Write out the following listing in full, exactly as it reads.
○ ○ ○ ○
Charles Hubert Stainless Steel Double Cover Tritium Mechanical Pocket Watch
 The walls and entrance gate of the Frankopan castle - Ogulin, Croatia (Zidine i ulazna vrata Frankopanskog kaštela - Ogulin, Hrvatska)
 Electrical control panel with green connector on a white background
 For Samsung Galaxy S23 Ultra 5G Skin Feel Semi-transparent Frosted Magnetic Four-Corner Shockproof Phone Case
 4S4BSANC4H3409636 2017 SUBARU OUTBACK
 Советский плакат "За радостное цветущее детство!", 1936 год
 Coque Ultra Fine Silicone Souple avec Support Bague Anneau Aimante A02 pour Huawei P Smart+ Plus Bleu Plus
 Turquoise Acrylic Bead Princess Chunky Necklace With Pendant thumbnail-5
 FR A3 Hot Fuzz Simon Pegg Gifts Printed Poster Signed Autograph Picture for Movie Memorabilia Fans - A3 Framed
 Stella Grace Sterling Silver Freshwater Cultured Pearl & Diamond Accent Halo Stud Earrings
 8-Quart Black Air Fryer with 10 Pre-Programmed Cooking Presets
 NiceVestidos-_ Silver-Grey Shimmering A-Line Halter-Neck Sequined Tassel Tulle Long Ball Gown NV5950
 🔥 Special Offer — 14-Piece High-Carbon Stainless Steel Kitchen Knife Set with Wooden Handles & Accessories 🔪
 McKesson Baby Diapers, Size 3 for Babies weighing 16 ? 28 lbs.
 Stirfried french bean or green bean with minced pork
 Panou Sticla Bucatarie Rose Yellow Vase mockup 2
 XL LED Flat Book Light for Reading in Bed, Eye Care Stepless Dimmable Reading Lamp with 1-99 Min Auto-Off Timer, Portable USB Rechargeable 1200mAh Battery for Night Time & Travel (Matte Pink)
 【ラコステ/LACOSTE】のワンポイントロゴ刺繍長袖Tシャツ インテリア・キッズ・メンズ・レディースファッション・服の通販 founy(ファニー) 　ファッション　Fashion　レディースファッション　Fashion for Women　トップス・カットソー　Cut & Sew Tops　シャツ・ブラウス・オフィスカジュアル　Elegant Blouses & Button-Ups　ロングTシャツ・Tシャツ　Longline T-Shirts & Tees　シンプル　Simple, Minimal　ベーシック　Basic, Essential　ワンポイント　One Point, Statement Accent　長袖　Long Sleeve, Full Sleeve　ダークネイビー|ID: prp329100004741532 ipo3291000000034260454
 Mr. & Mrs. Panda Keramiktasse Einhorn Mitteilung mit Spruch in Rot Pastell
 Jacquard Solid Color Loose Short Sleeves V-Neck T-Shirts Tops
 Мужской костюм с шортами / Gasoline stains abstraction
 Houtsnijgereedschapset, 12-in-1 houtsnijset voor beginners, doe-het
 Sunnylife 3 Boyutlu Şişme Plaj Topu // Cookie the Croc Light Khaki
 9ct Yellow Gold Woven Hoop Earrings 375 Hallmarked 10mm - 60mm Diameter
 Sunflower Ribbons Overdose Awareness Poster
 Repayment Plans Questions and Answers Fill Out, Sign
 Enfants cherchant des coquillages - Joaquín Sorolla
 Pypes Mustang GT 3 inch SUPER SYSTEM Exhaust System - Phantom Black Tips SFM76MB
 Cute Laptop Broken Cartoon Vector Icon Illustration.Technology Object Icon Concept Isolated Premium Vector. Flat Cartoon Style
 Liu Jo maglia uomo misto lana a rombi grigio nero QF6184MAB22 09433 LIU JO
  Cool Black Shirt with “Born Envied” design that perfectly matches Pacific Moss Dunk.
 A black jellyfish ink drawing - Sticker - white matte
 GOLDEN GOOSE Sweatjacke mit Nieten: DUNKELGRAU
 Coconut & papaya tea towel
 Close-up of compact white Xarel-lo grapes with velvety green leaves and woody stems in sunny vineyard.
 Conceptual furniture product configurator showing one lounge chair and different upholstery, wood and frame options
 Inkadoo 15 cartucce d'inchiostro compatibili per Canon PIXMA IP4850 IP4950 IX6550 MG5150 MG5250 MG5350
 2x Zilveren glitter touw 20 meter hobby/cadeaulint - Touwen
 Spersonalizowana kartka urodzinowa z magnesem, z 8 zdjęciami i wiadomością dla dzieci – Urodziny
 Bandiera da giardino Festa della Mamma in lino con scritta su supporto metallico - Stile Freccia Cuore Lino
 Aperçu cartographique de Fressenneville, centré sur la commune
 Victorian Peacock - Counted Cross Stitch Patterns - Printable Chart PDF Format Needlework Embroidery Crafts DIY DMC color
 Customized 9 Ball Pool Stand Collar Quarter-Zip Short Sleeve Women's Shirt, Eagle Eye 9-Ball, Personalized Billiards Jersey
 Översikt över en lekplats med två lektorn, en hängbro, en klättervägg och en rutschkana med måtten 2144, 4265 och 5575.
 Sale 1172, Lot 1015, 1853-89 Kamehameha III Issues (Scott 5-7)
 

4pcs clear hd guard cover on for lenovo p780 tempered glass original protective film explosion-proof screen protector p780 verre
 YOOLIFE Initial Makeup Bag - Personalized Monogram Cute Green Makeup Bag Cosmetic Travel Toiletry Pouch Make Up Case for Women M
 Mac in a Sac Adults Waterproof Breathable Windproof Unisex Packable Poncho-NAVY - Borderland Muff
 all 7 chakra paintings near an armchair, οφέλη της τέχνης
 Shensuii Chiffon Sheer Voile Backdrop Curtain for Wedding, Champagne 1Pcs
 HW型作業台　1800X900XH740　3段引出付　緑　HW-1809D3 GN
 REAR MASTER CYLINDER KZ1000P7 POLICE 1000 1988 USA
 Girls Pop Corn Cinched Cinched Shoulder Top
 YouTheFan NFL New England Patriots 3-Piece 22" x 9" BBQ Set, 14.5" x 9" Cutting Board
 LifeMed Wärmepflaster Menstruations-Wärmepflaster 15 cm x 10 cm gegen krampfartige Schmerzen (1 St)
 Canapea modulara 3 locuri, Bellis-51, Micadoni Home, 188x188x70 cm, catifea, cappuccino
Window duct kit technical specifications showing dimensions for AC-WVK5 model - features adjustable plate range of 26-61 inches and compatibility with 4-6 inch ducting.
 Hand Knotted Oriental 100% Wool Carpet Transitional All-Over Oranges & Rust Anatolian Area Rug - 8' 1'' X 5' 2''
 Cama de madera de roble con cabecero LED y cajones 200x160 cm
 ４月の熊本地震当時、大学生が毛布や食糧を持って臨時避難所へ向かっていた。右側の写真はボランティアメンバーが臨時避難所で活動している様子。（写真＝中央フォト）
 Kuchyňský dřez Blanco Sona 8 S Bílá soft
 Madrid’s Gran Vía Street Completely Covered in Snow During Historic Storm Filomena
○ ○ ○ ○
▸ Exercise result
Charles Hubert Stainless Steel Double Cover Tritium Mechanical Pocket Watch
 The walls and entrance gate of the Frankopan castle - Ogulin, Croatia (Zidine i ulazna vrata Frankopanskog kaštela - Ogulin, Hrvatska)
 Electrical control panel with green connector on a white background
 For Samsung Galaxy S23 Ultra 5G Skin Feel Semi-transparent Frosted Magnetic Four-Corner Shockproof Phone Case
 4S4BSANC4H3409636 2017 SUBARU OUTBACK
 Советский плакат "За радостное цветущее детство!", 1936 год
 Coque Ultra Fine Silicone Souple avec Support Bague Anneau Aimante A02 pour Huawei P Smart+ Plus Bleu Plus
 Turquoise Acrylic Bead Princess Chunky Necklace With Pendant thumbnail-5
 FR A3 Hot Fuzz Simon Pegg Gifts Printed Poster Signed Autograph Picture for Movie Memorabilia Fans - A3 Framed
 Stella Grace Sterling Silver Freshwater Cultured Pearl & Diamond Accent Halo Stud Earrings
 8-Quart Black Air Fryer with 10 Pre-Programmed Cooking Presets
 NiceVestidos-_ Silver-Grey Shimmering A-Line Halter-Neck Sequined Tassel Tulle Long Ball Gown NV5950
 🔥 Special Offer — 14-Piece High-Carbon Stainless Steel Kitchen Knife Set with Wooden Handles & Accessories 🔪
 McKesson Baby Diapers, Size 3 for Babies weighing 16 ? 28 lbs.
 Stirfried french bean or green bean with minced pork
 Panou Sticla Bucatarie Rose Yellow Vase mockup 2
 XL LED Flat Book Light for Reading in Bed, Eye Care Stepless Dimmable Reading Lamp with 1-99 Min Auto-Off Timer, Portable USB Rechargeable 1200mAh Battery for Night Time & Travel (Matte Pink)
 【ラコステ/LACOSTE】のワンポイントロゴ刺繍長袖Tシャツ インテリア・キッズ・メンズ・レディースファッション・服の通販 founy(ファニー) 　ファッション　Fashion　レディースファッション　Fashion for Women　トップス・カットソー　Cut & Sew Tops　シャツ・ブラウス・オフィスカジュアル　Elegant Blouses & Button-Ups　ロングTシャツ・Tシャツ　Longline T-Shirts & Tees　シンプル　Simple, Minimal　ベーシック　Basic, Essential　ワンポイント　One Point, Statement Accent　長袖　Long Sleeve, Full Sleeve　ダークネイビー|ID: prp329100004741532 ipo3291000000034260454
 Mr. & Mrs. Panda Keramiktasse Einhorn Mitteilung mit Spruch in Rot Pastell
 Jacquard Solid Color Loose Short Sleeves V-Neck T-Shirts Tops
 Мужской костюм с шортами / Gasoline stains abstraction
 Houtsnijgereedschapset, 12-in-1 houtsnijset voor beginners, doe-het
 Sunnylife 3 Boyutlu Şişme Plaj Topu // Cookie the Croc Light Khaki
 9ct Yellow Gold Woven Hoop Earrings 375 Hallmarked 10mm - 60mm Diameter
 Sunflower Ribbons Overdose Awareness Poster
 Repayment Plans Questions and Answers Fill Out, Sign
 Enfants cherchant des coquillages - Joaquín Sorolla
 Pypes Mustang GT 3 inch SUPER SYSTEM Exhaust System - Phantom Black Tips SFM76MB
 Cute Laptop Broken Cartoon Vector Icon Illustration.Technology Object Icon Concept Isolated Premium Vector. Flat Cartoon Style
 Liu Jo maglia uomo misto lana a rombi grigio nero QF6184MAB22 09433 LIU JO
  Cool Black Shirt with “Born Envied” design that perfectly matches Pacific Moss Dunk.
 A black jellyfish ink drawing - Sticker - white matte
 GOLDEN GOOSE Sweatjacke mit Nieten: DUNKELGRAU
 Coconut & papaya tea towel
 Close-up of compact white Xarel-lo grapes with velvety green leaves and woody stems in sunny vineyard.
 Conceptual furniture product configurator showing one lounge chair and different upholstery, wood and frame options
 Inkadoo 15 cartucce d'inchiostro compatibili per Canon PIXMA IP4850 IP4950 IX6550 MG5150 MG5250 MG5350
 2x Zilveren glitter touw 20 meter hobby/cadeaulint - Touwen
 Spersonalizowana kartka urodzinowa z magnesem, z 8 zdjęciami i wiadomością dla dzieci – Urodziny
 Bandiera da giardino Festa della Mamma in lino con scritta su supporto metallico - Stile Freccia Cuore Lino
 Aperçu cartographique de Fressenneville, centré sur la commune
 Victorian Peacock - Counted Cross Stitch Patterns - Printable Chart PDF Format Needlework Embroidery Crafts DIY DMC color
 Customized 9 Ball Pool Stand Collar Quarter-Zip Short Sleeve Women's Shirt, Eagle Eye 9-Ball, Personalized Billiards Jersey
 Översikt över en lekplats med två lektorn, en hängbro, en klättervägg och en rutschkana med måtten 2144, 4265 och 5575.
 Sale 1172, Lot 1015, 1853-89 Kamehameha III Issues (Scott 5-7)
 

4pcs clear hd guard cover on for lenovo p780 tempered glass original protective film explosion-proof screen protector p780 verre
 YOOLIFE Initial Makeup Bag - Personalized Monogram Cute Green Makeup Bag Cosmetic Travel Toiletry Pouch Make Up Case for Women M
 Mac in a Sac Adults Waterproof Breathable Windproof Unisex Packable Poncho-NAVY - Borderland Muff
 all 7 chakra paintings near an armchair, οφέλη της τέχνης
 Shensuii Chiffon Sheer Voile Backdrop Curtain for Wedding, Champagne 1Pcs
 HW型作業台　1800X900XH740　3段引出付　緑　HW-1809D3 GN
 REAR MASTER CYLINDER KZ1000P7 POLICE 1000 1988 USA
 Girls Pop Corn Cinched Cinched Shoulder Top
 YouTheFan NFL New England Patriots 3-Piece 22" x 9" BBQ Set, 14.5" x 9" Cutting Board
 LifeMed Wärmepflaster Menstruations-Wärmepflaster 15 cm x 10 cm gegen krampfartige Schmerzen (1 St)
 Canapea modulara 3 locuri, Bellis-51, Micadoni Home, 188x188x70 cm, catifea, cappuccino
Window duct kit technical specifications showing dimensions for AC-WVK5 model - features adjustable plate range of 26-61 inches and compatibility with 4-6 inch ducting.
 Hand Knotted Oriental 100% Wool Carpet Transitional All-Over Oranges & Rust Anatolian Area Rug - 8' 1'' X 5' 2''
 Cama de madera de roble con cabecero LED y cajones 200x160 cm
 ４月の熊本地震当時、大学生が毛布や食糧を持って臨時避難所へ向かっていた。右側の写真はボランティアメンバーが臨時避難所で活動している様子。（写真＝中央フォト）
 Kuchyňský dřez Blanco Sona 8 S Bílá soft
 Madrid’s Gran Vía Street Completely Covered in Snow During Historic Storm Filomena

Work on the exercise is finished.